Turning the next two corners and following the trolley tracks, we landed in front of the only public 24-hour bathroom (the hours have since been reduced). Mona talked with a man who was leaning on a head-high mountain of belongings balancing on a shopping cart. The rest of the team kneeled next to his friend’s wheelchair while gently taking the shoe off her foot. Her other leg was amputated below the knee. Both legs were swollen and her pants, therefore her skin, had been wet for days due to recent rains and her not being able to change into dry clothes. Mona leaned in to apply a cream to her foot, while Sophia Scherschel, another volunteer, took off her own surgical glove to hold the woman’s hand during this process.

The next day, at Ladle, the SCC team decided to go looking for the couple, to make sure they got care. Thankfully, the couple was still in front of the trolley tracks near the bathroom. It took three people to push-pull the shopping cart, and another two people to push the wheelchair up the street to the FPC. Along the way, Aaron Spaulding, another member of the team and a retired U.S. Navy medic, recognized a regular Ladle patron inching his way towards the Sunday meal, and offered to push the man’s wheelchair. A small caravan of wheels and people was now slowly making its way towards the church. In the wound care room, while the rest of the team assessed the woman’s foot issue, Aaron entertained her by playing her favorite 80s music on his phone and comparing his top choices of Mixed Martial Arts fighters with hers: the art of medicine.

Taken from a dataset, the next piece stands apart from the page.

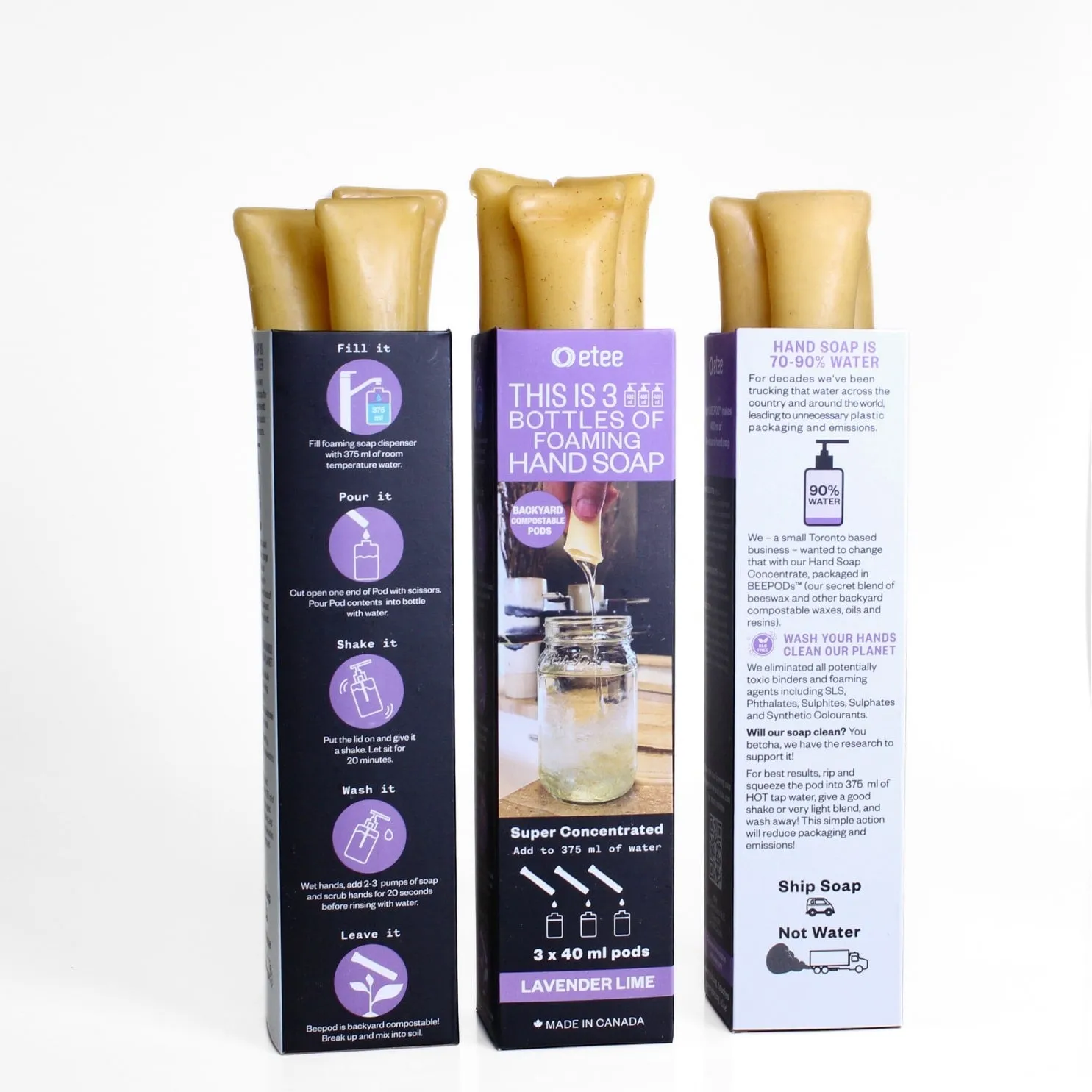 Lavender Lime Foaming Hand Soap Concentrate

“The outreach is vital care and kindness, meeting people where they are. But being able to care for people at Ladle, where they have tables and more equipment, is like triage,” Mona said. Since the Ladle Fellowship is feeding between 300-350 people, if they can medically treat 10 percent of those guests, she said, it makes a difference. And in the process, “when we’re treating their feet, we’re also treating the heart,” she added, meaning showing them kindness.

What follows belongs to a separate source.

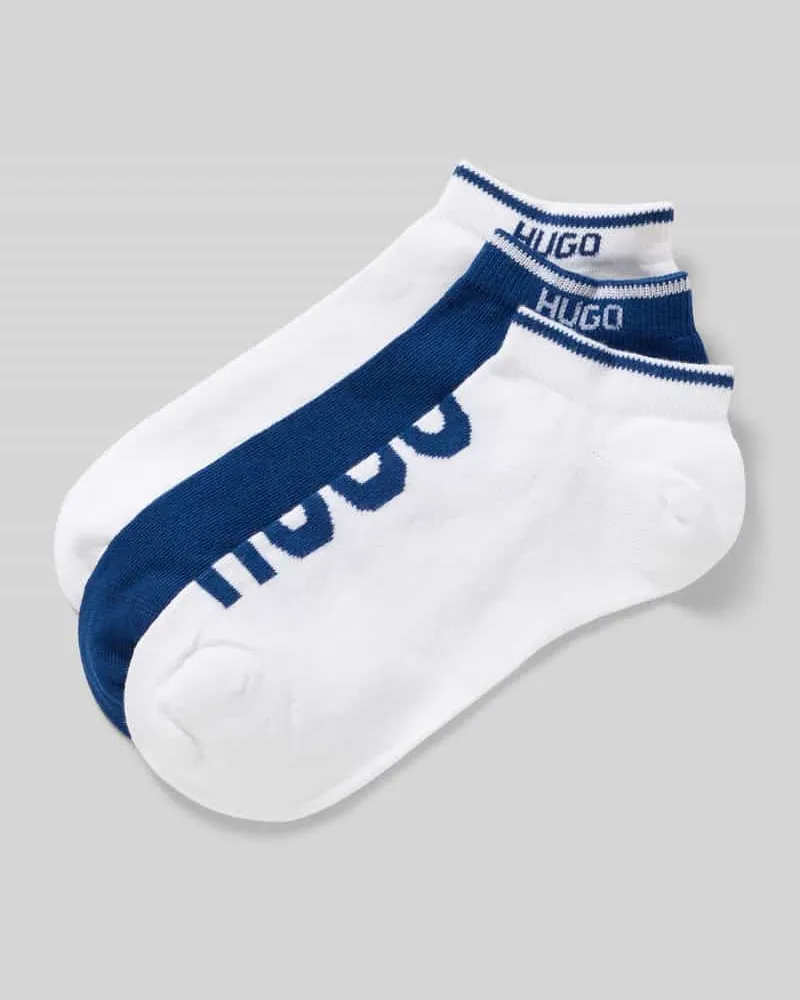 HUGO BOSS Sneaker-Socken aus Baumwoll-Mix im 3er-Pack Royal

“Mona has figured out how to care for people with limited resources,” said Alice Kolodji, an SCC volunteer and primary care doctor with Kaiser. Alice has a background in creating mobile clinics and working in the field with clients in demanding environments like the NASSCO shipyards. There is tremendous value in seeing how people live, in order to better understand their health conditions, she said. At SCC, she has recently been seeing a lot of staff infections, venus and arterial wounds, and problems associated with poor circulation. Some problems are simple to care for, but she is also seeing more 30 year-olds with swollen legs and poor circulation - a side effect of fentanyl misuse, and something normally associated with elderly people suffering from diabetes and heart failure. Her ideal would be to have some form of partnership with local clinics in order to provide a bridge of care. When clients go to the emergency room for treatment, she said, “they are so bad about communicating why they need to be seen” that the hospital staff will often discharge them without treating them.

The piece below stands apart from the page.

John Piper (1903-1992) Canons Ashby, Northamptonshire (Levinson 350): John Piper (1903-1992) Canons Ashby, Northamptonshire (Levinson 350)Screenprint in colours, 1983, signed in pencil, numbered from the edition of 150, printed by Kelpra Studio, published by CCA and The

Currently, SCC operates on a budget of approximately $1,000 a month. All of that money goes to supplies, Kaleb said. He gave the example of a box of surgical gloves, which has 300 gloves per box, and costs $30. “We can easily go through five boxes in two weeks with wound care, foot care, different providers, etc. Other big expenses are ointments, NIX, a specialized shampoos for lice, is $20 a bottle, tylenol, med honey, and gauze.” The team makes it work - it’s a loaves and fishes thing. At the close of the most recent Saturday street outreach, as volunteers were putting away the red backpacks and carts, I asked Mona what makes SCC special. “Having the trust of people is key,” she said. “With Ladle, there’s an established system we can operate from, and that people can count on.”